During the Civil War, Foster helped recruit soldiers and extend credit to their families. Criticized for not fighting in the Civil War, Foster was successful, nevertheless, in winning election as a Republican to the U.S. House of Representatives (1870). He served four terms (1871-1879) before being defeated in 1878 in his bid for a fifth term.
Foster won the Ohio governor’s race in 1880 and then won reelection two years later. He chose not to run for reelection in 1884 and turned his attention back to his business interests. It was not until 1889 that Foster returned to politics as President Benjamin Harrison’s chairman of a commission to negotiate a treaty with the Sioux Indians. His success in that venture earned him a spot in Harrison’s cabinet as secretary of the treasury following the death in 1891 of former secretary William Windom. Foster actually took over the department after he made a failed bid in 1890 for a seat in the U.S. Senate.

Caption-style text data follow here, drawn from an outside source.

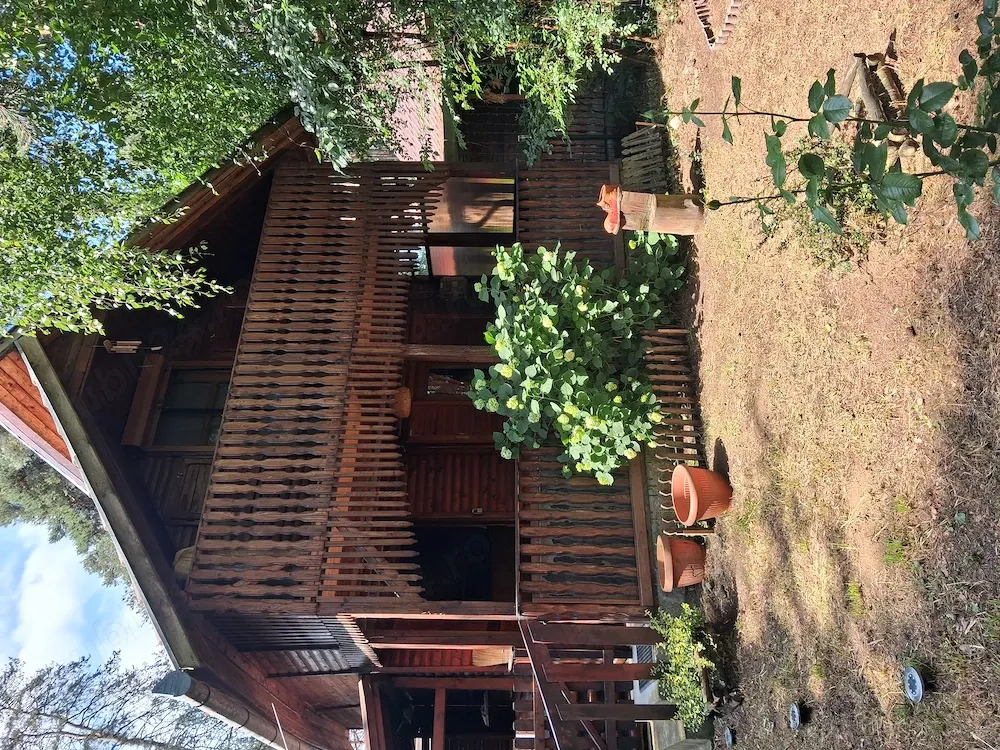 Vand Casa de vacanta la Reci Jud Covasna in zona lacului - imagine 1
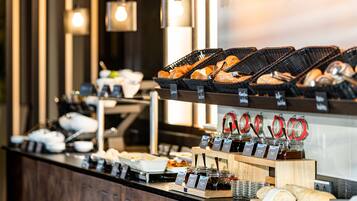 Daily buffet breakfast (EUR 15.50 per person)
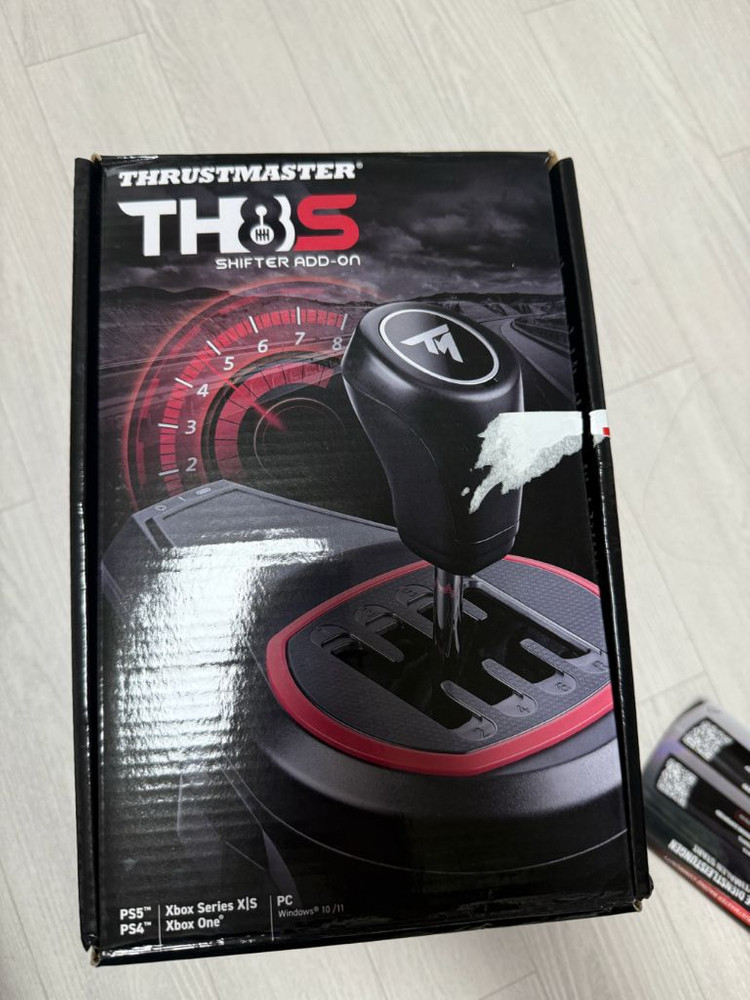 트러스트마스터 T300RS GT 레이싱 휠 세트 3페달 이미지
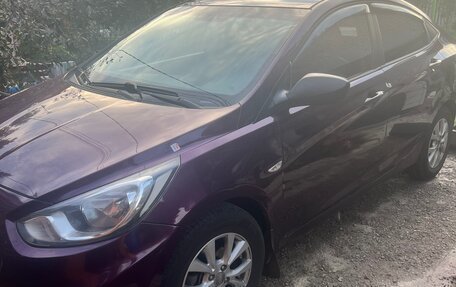 Hyundai Solaris II рестайлинг, 2011 год, 600 000 рублей, 4 фотография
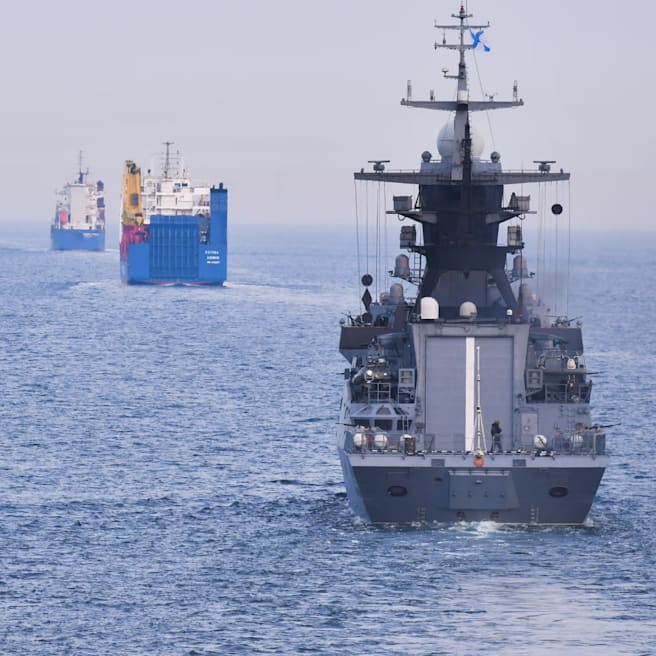 Auf Ostsee: Russen-Fregatte tarnt sich als Chinese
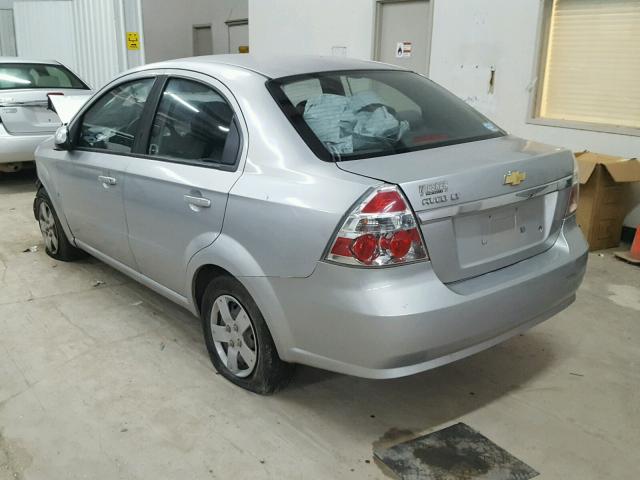 KL1TD56E09B325435 - 2009 CHEVROLET AVEO LS SILVER photo 3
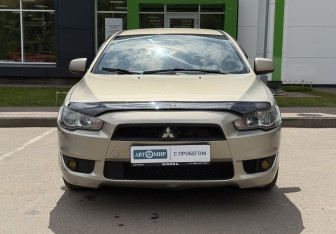 Подержанный автомобиль Mitsubishi Lancer Sedan 2007 года (2 фото)
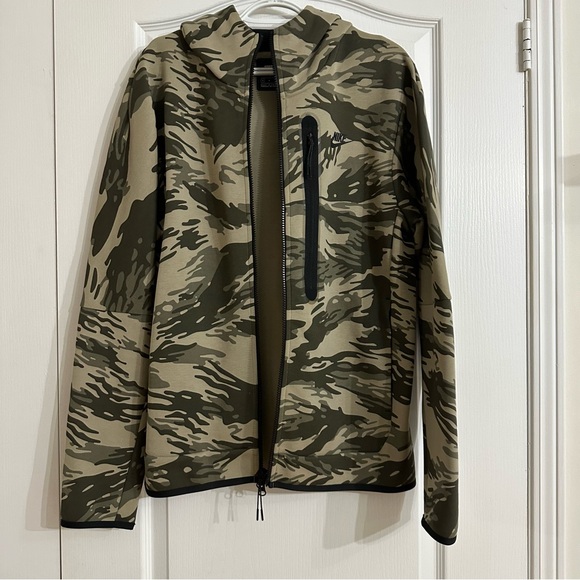 Never worn Nike tech fleece - Picture 3 of 3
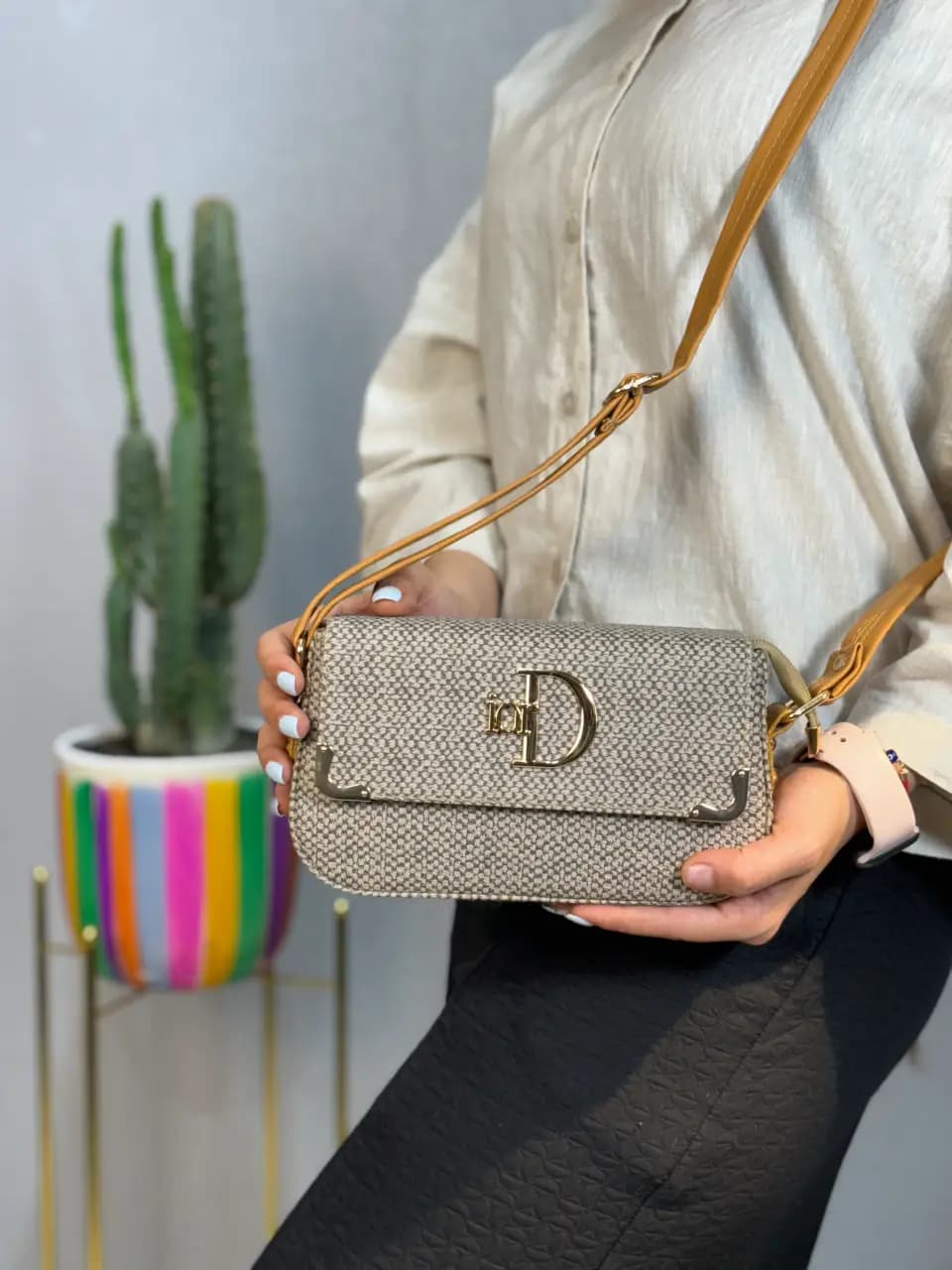 کیف پاسپورتی طرح Dior — تصویر ۳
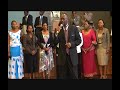 KWAYA YA ANGAZA IKIONGOZWA NA MUIMBAJI KUTOKA KANISA LA MAGOMENI.RECORDED BY DONALD BITURO.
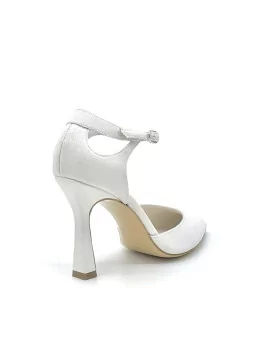 White laminate fabric D’orsay with ankle strap. Leather lining. Leather sole. 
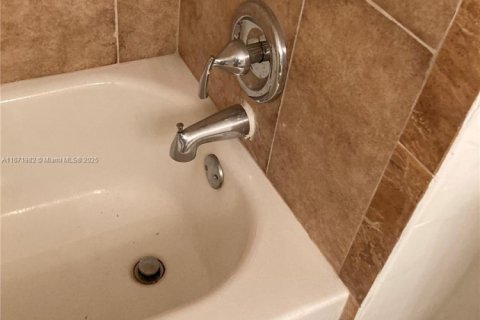 Condominio en venta en Lauderhill, Florida, 1 dormitorio, 78.97 m2 № 1394263 - foto 22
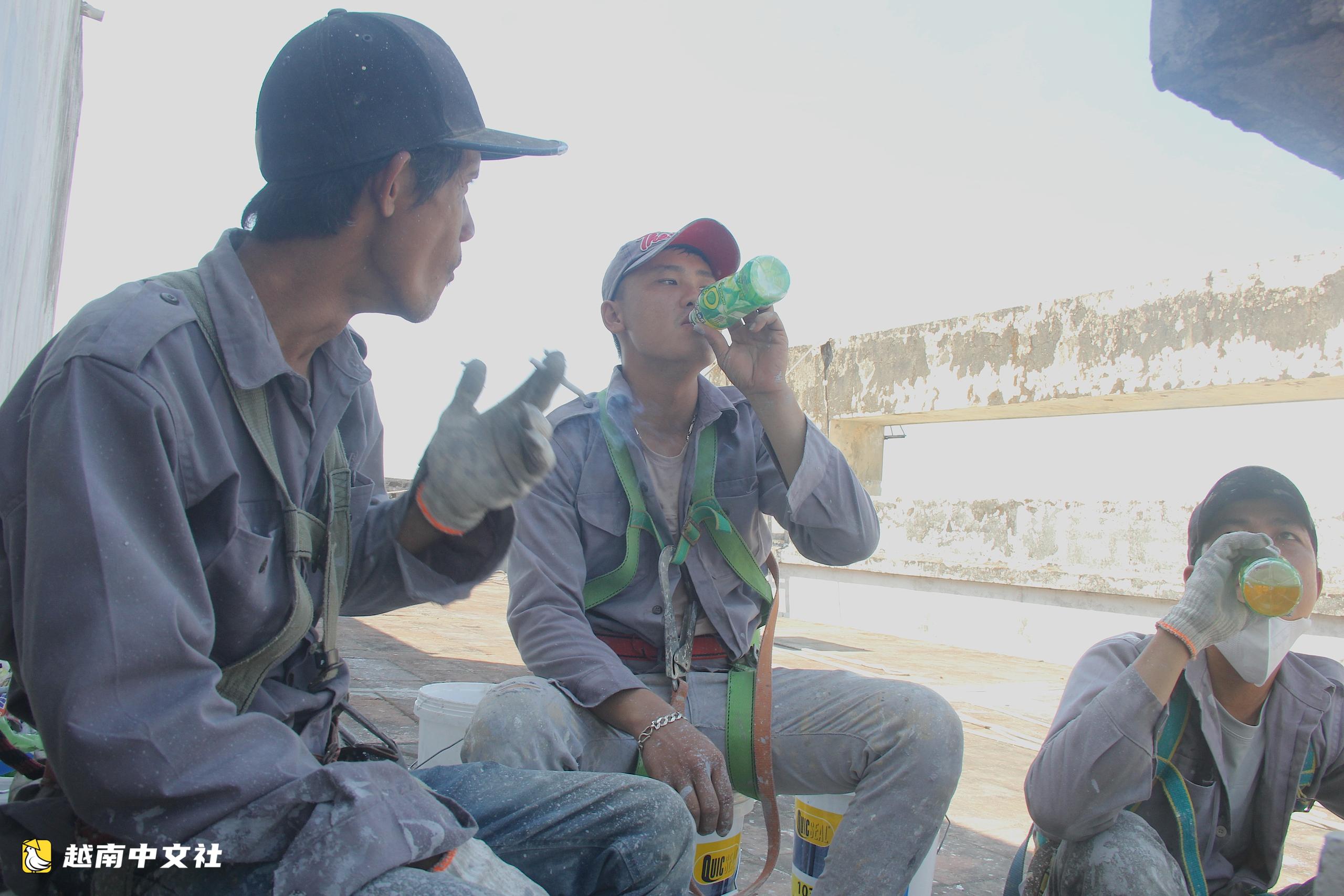 越南中部40度高溫下,高空油漆工謀生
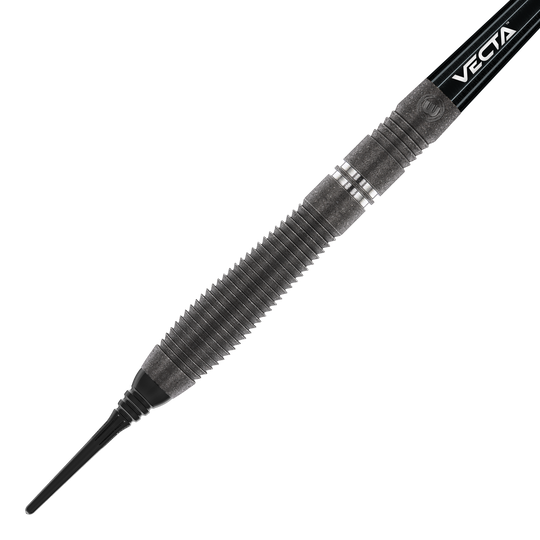 Winmau Callisto 02 soft darts - 20g Das Bild zeigt einen Winmau Callisto 02 Softdart mit einem Gewicht von 20g. Der Dart hat ein schwarzes, geriffeltes Barrel und eine Spitze aus Kunststoff.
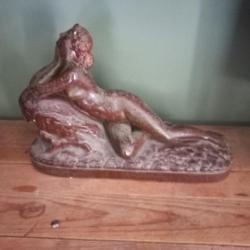 Très belle Sculpture Art Déco Sujet   " femme sur  rocher "   1930 - 1940  elle est en très bon état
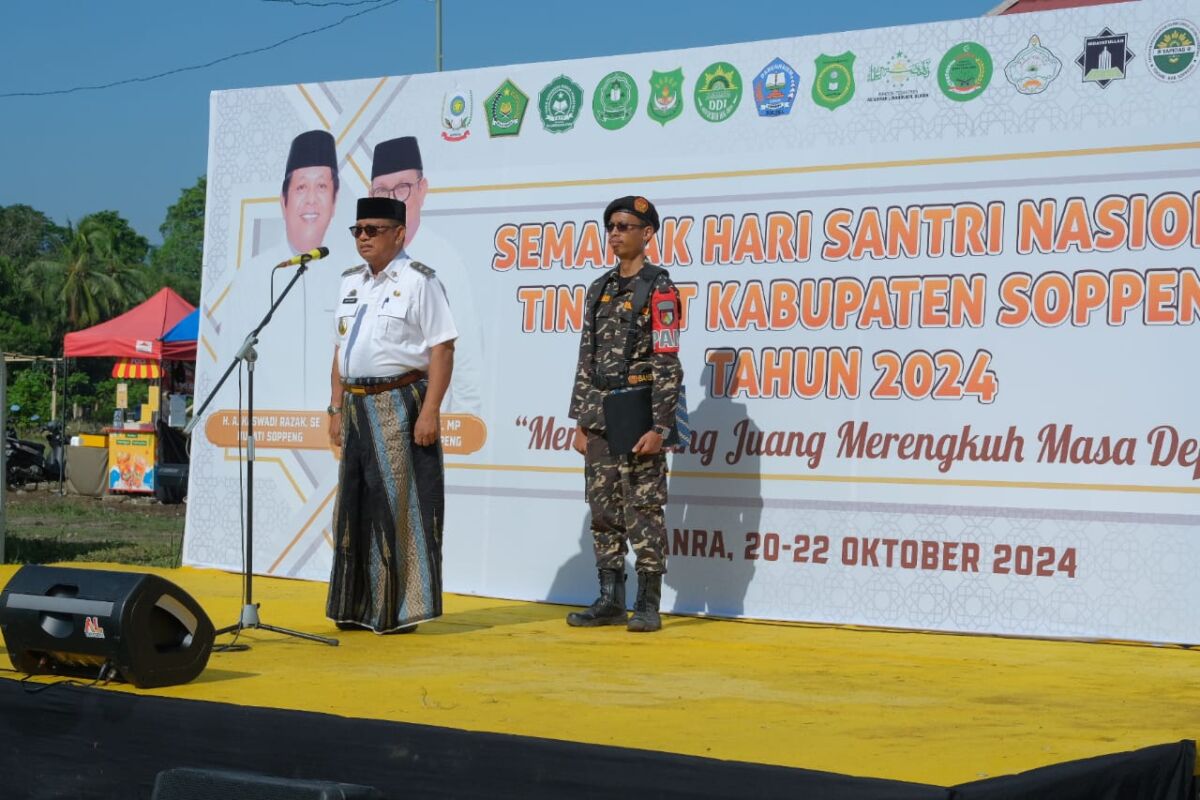 HARI SANTRI -- Kapolsek Ganra Ipda Harmoko hadir mewakili Kapolres Soppeng pada upacara peringatan Hari Santri Nasional tahun 2024 tingkat Kabupaten Soppeng di Lapangan Andi Palloge Desa Ganra, Kecamatan Ganra, Sabtu (22/10).
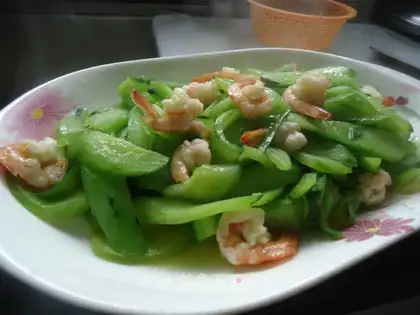 stir-fried shrimp with cucumber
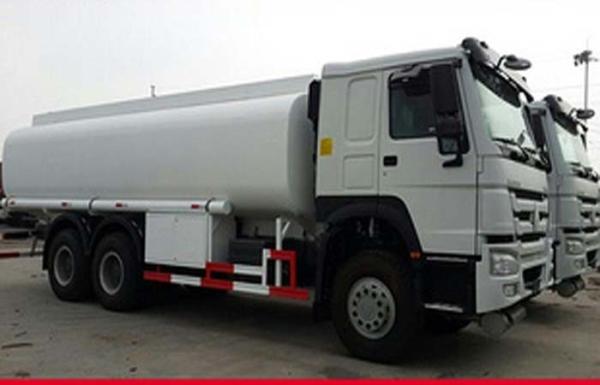 高性能 16-20CBM のオイル タンクのトラック 6X4 LHD Euro2 290HP のガスのタンク車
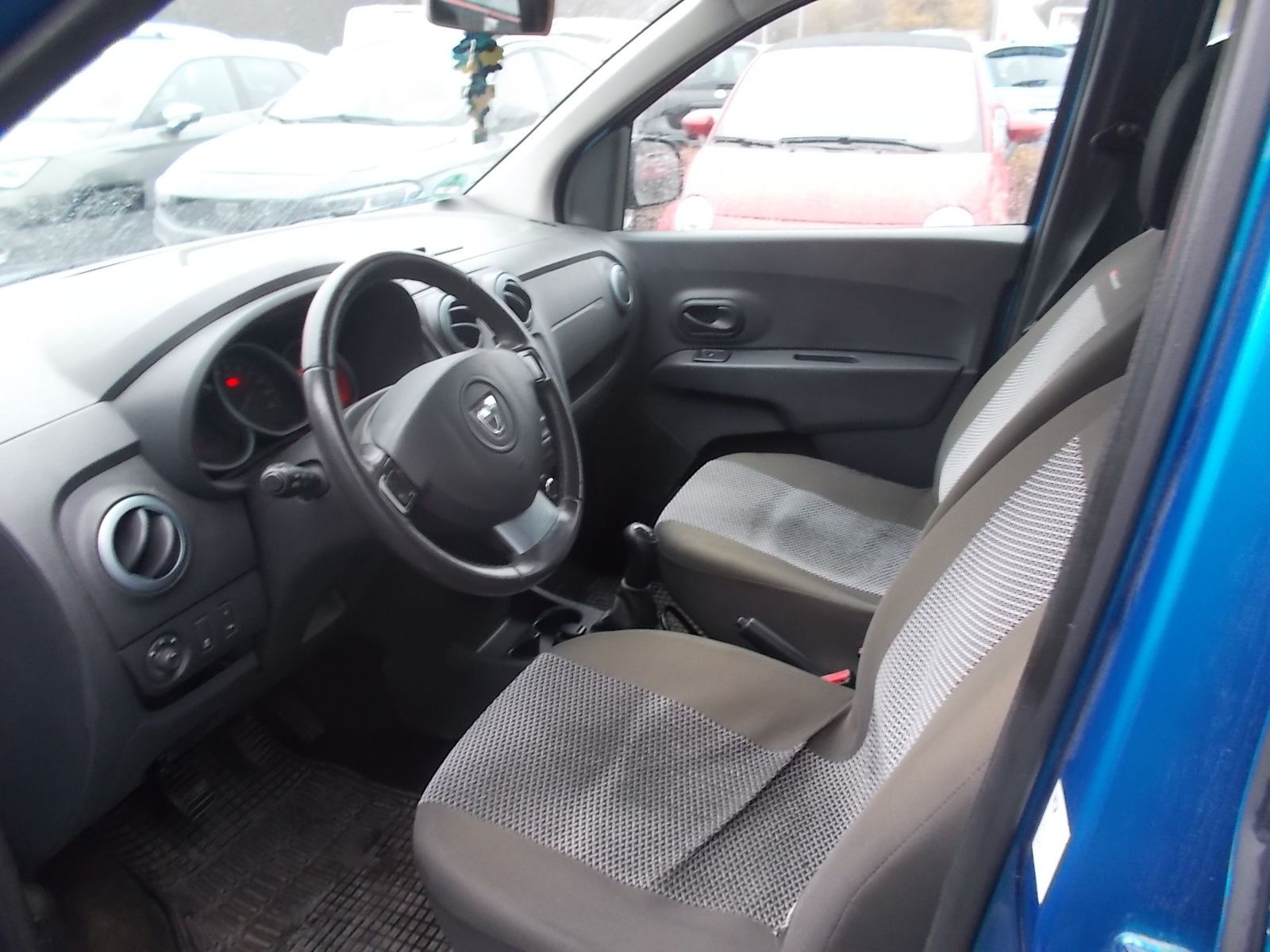Fahrzeugabbildung Dacia Lodgy Stepway 1.2 TCe 7 Sitze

Foster served in the Treasury Department from 1891 to 1893, during which time he used the Sherman Purchase Act of 1890 to begin coining silver. He also stabilized the Treasury Department by extending the government’s credit, which created a surplus that would ultimately help the government address the financial difficulties caused by the Panic of 1893. Upon leaving office at the end of Benjamin Harrison’s administration, Charles Foster returned to Fosteria and continued to pursue his business ventures. He died in 1904.